Render every line of the data exactly as written, and leave out the pictures.

Top of Listed records

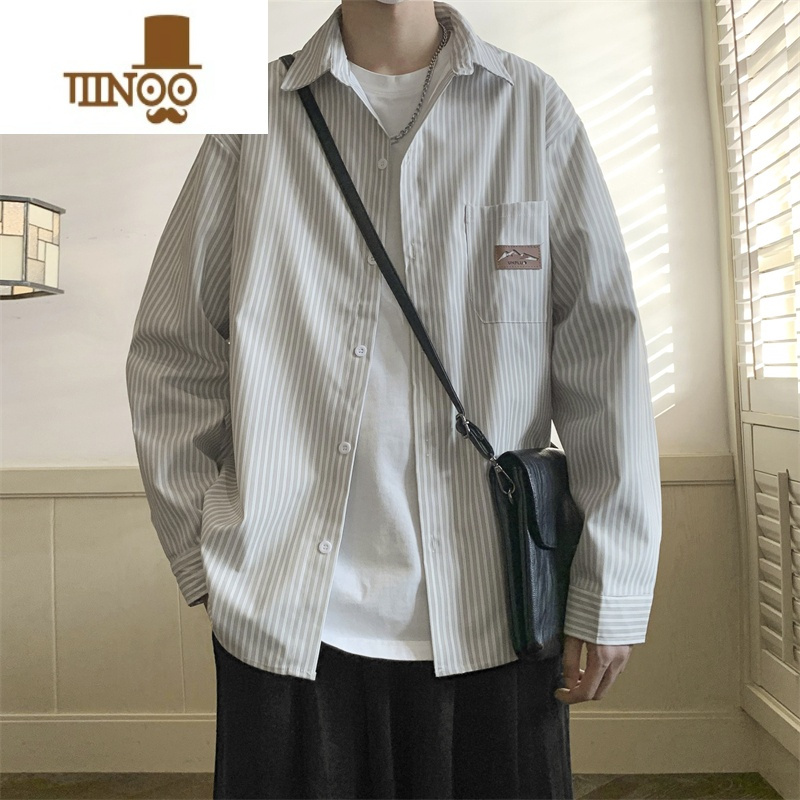YANXU日系cityboy条纹翻领衬衫男春季宽松百搭青少年衬衣潮牌bf风外套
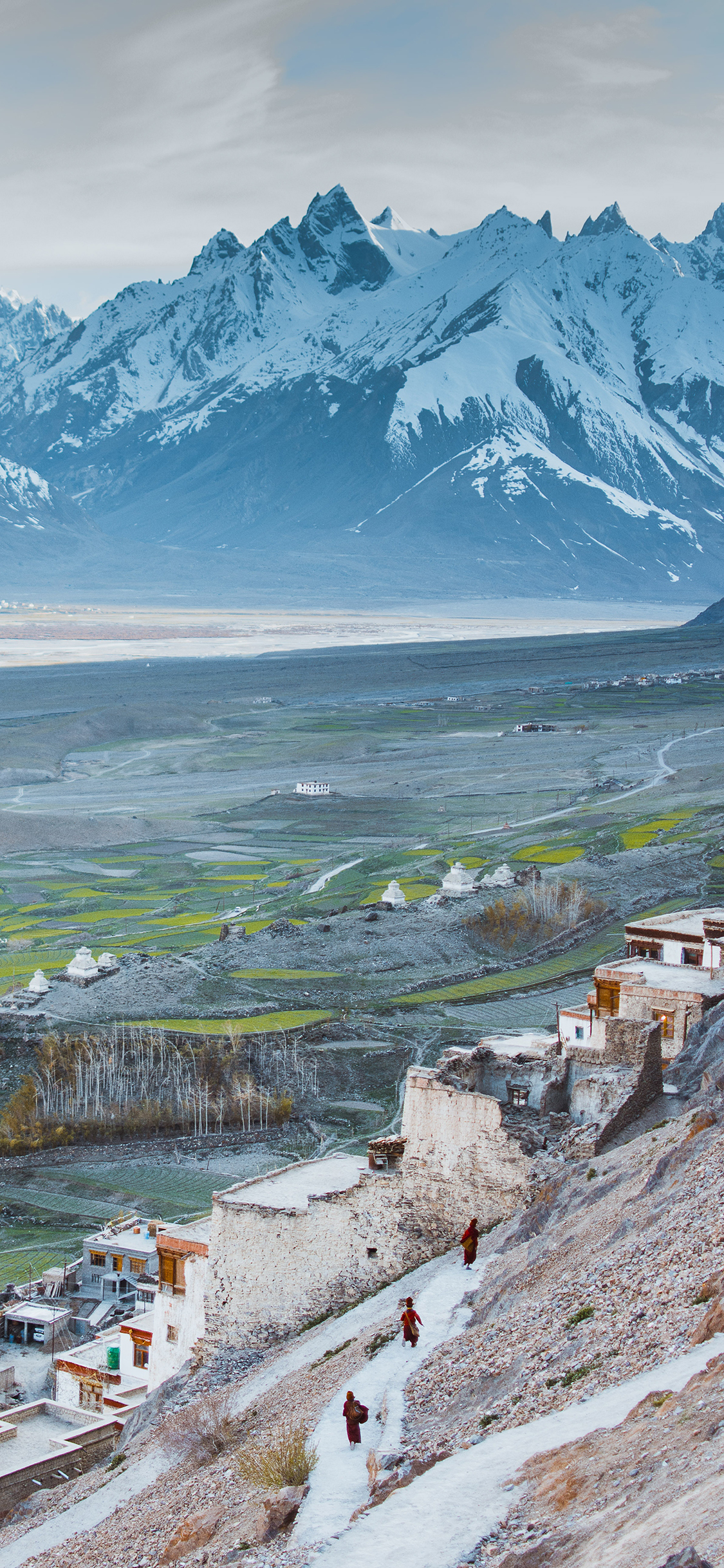 [2436×1125]景色 雪山 田野 海拔 苹果手机壁纸图片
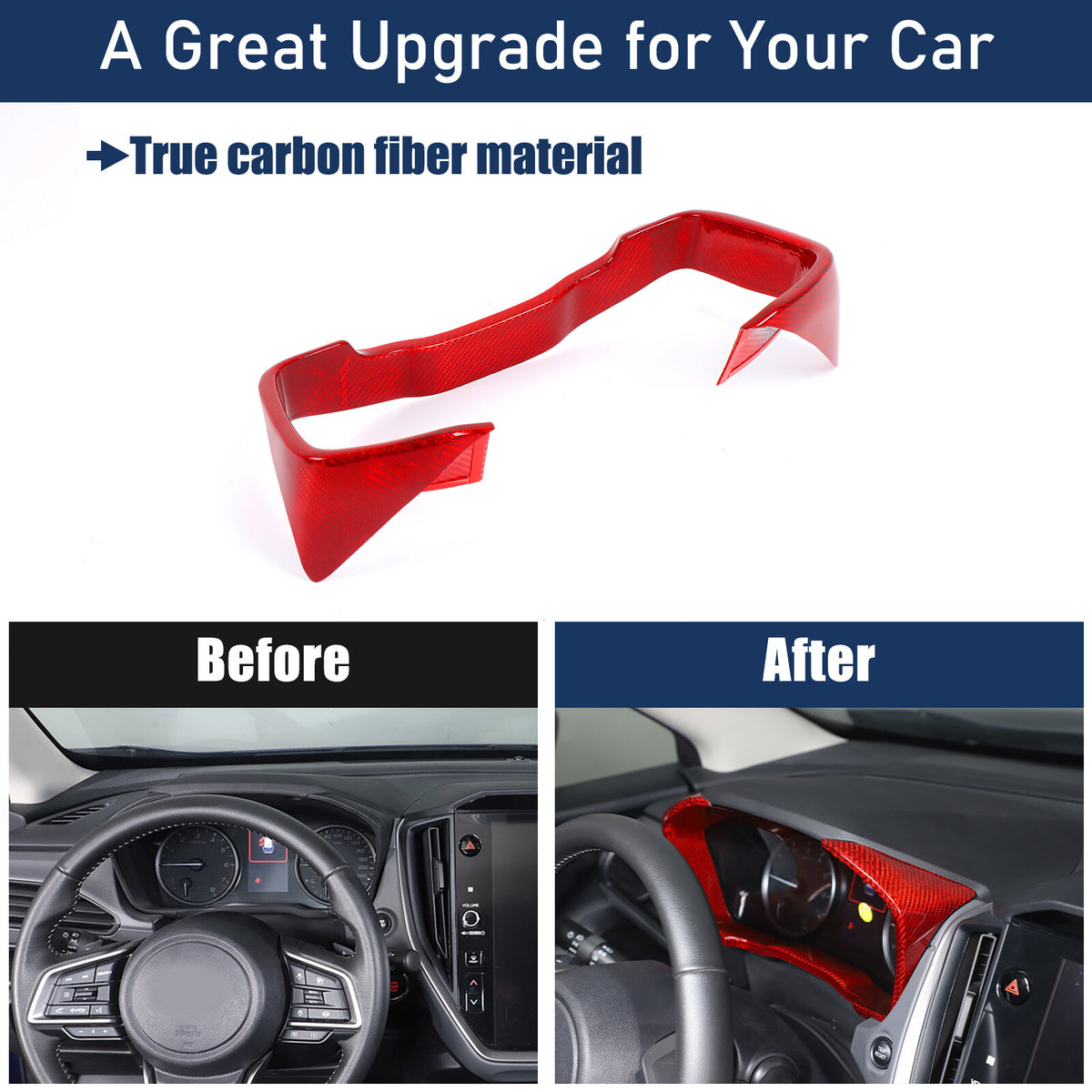Red Real Carbon Fiber Center Dashboard Trim For Subaru Crosstrek 24+ 4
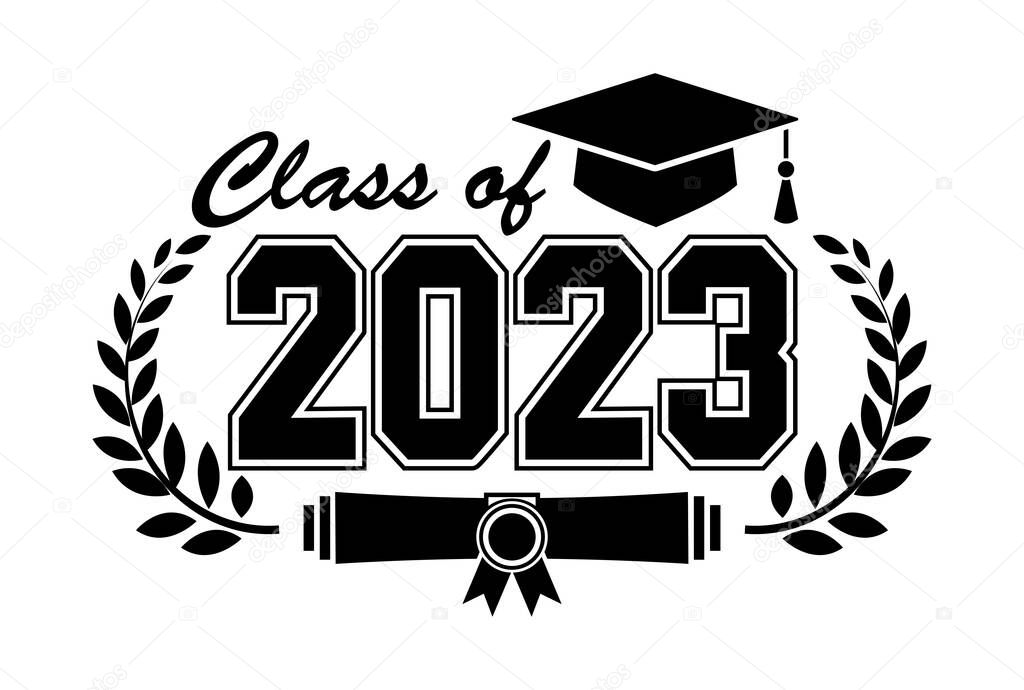 Lettering Class of 2023 for greeting, invitation card. Text for graduation design, congratulation event, T-shirt, party, high school or college graduate. Illustration, vector on transparent background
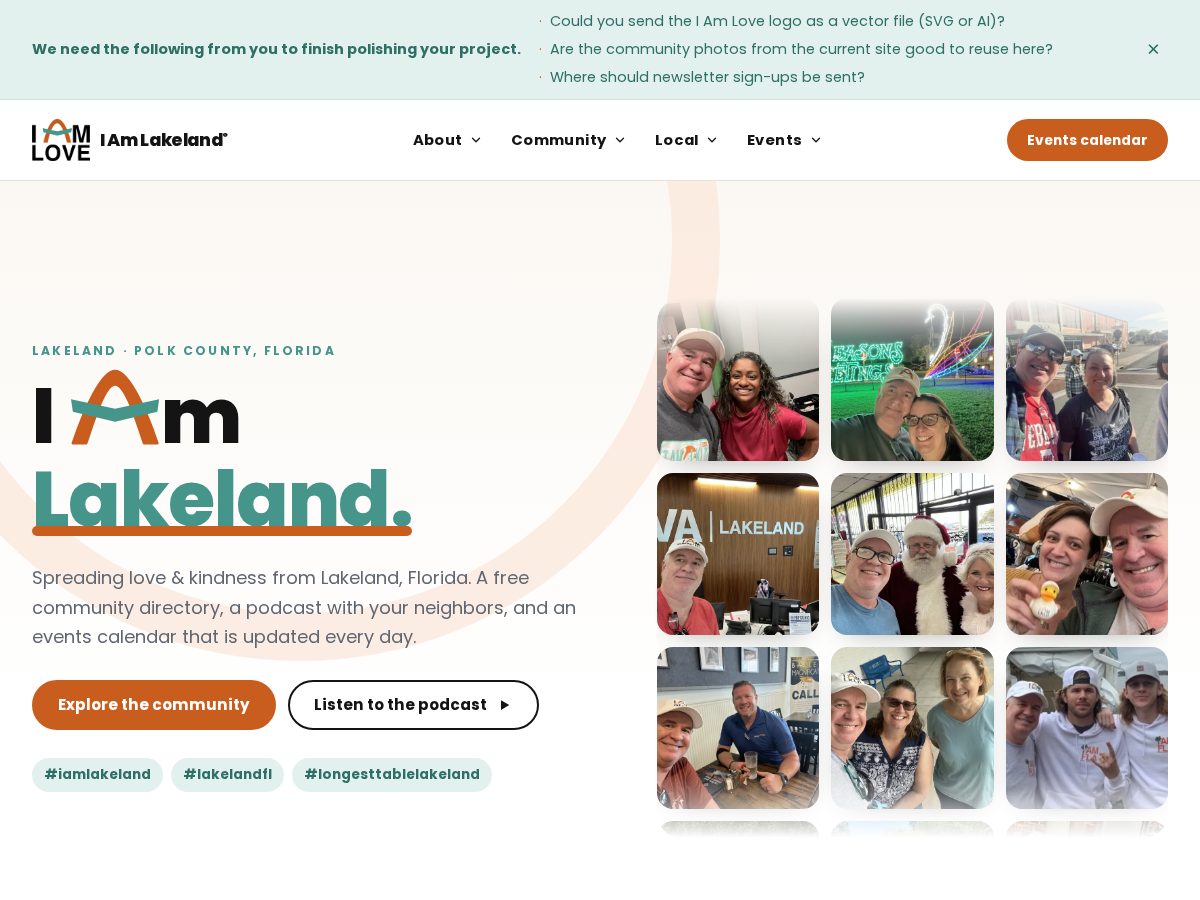 Landing-page snapshot of iamlakeland.net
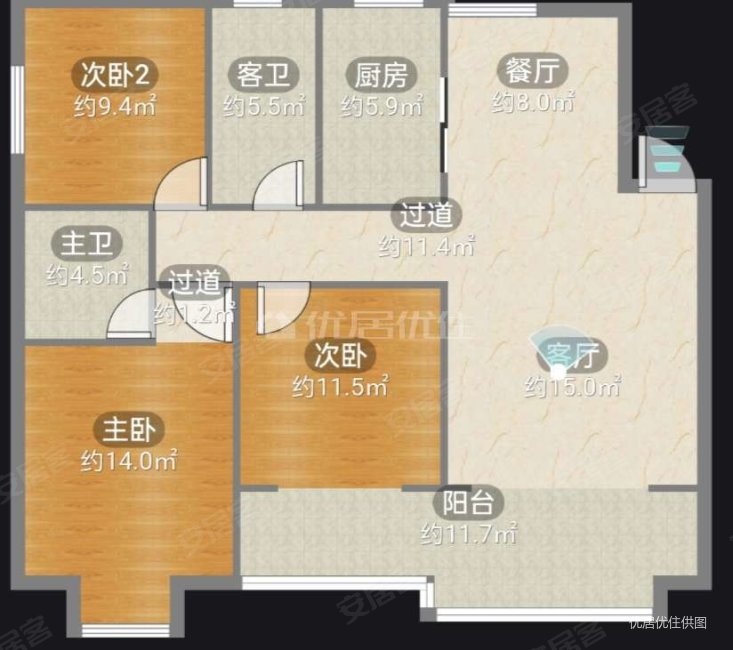 阳光远景3室2厅2卫125.44㎡南62.8万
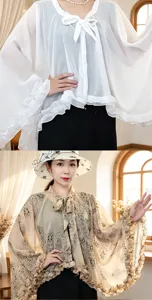 Summer lightweight chiffon sun protection shawl cape with delicate ruffles and cute bow tie.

Bottom of Listed records

- **Your response**
YANXU日系cityboy条纹翻领衬衫男春季宽松百搭青少年衬衣潮牌bf风外套
 [2436×1125]景色 雪山 田野 海拔 苹果手机壁纸图片
Red Real Carbon Fiber Center Dashboard Trim For Subaru Crosstrek 24+ 4
 Lettering Class of 2023 for greeting, invitation card. Text for graduation design, congratulation event, T-shirt, party, high school or college graduate. Illustration, vector on transparent background
 Landing-page snapshot of iamlakeland.net
 阳光远景3室2厅2卫125.44㎡南62.8万
 Summer lightweight chiffon sun protection shawl cape with delicate ruffles and cute bow tie.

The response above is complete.